→ ACTION ITEM
Below are entries; print them exactly from the first line through the one containing "Corgi Quad Tractor".

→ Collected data
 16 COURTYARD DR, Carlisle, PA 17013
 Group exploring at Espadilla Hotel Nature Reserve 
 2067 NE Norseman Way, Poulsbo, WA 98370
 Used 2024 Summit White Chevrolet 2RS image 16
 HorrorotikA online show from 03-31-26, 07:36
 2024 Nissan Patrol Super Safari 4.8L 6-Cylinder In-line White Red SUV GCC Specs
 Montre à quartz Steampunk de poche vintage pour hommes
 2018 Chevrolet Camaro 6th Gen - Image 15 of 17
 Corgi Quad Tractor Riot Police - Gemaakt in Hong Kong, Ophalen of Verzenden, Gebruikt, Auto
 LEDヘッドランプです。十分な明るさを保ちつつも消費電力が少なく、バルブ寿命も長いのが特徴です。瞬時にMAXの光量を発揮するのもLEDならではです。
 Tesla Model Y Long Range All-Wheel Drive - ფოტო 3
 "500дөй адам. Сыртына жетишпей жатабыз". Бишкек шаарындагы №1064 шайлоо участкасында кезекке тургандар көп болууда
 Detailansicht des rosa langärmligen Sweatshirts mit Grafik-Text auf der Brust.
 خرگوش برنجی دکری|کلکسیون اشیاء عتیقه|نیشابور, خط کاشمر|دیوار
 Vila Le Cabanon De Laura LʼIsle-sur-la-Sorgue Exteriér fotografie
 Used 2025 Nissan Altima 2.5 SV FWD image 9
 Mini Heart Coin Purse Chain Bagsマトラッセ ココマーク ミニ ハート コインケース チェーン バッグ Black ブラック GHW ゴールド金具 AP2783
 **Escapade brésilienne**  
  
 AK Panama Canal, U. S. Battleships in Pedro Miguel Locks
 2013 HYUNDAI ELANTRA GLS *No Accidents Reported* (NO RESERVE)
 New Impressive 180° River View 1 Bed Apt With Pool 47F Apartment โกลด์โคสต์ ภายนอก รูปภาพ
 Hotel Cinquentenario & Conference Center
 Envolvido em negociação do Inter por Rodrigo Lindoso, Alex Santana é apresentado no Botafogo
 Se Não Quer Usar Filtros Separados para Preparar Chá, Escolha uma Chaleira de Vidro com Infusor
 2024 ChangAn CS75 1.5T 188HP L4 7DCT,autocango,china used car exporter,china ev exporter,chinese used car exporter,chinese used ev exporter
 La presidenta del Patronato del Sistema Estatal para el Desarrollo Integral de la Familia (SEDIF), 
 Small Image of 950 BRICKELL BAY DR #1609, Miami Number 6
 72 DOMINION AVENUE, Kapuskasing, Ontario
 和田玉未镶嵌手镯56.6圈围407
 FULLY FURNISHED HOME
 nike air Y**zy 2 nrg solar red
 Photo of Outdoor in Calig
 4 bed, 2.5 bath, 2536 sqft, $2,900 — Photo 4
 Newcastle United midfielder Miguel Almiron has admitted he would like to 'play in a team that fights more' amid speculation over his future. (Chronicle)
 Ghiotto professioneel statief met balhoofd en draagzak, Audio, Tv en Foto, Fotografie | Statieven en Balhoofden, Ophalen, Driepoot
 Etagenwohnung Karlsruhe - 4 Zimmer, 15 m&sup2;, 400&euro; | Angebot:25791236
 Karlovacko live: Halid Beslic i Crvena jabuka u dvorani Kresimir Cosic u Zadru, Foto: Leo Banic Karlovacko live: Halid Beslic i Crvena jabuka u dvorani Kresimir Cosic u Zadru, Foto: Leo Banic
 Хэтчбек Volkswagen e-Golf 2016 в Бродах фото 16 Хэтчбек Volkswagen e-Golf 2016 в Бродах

→ RESPONSE
 16 COURTYARD DR, Carlisle, PA 17013
 Group exploring at Espadilla Hotel Nature Reserve 
 2067 NE Norseman Way, Poulsbo, WA 98370
 Used 2024 Summit White Chevrolet 2RS image 16
 HorrorotikA online show from 03-31-26, 07:36
 2024 Nissan Patrol Super Safari 4.8L 6-Cylinder In-line White Red SUV GCC Specs
 Montre à quartz Steampunk de poche vintage pour hommes
 2018 Chevrolet Camaro 6th Gen - Image 15 of 17
 Corgi Quad Tractor Riot Police - Gemaakt in Hong Kong, Ophalen of Verzenden, Gebruikt, Auto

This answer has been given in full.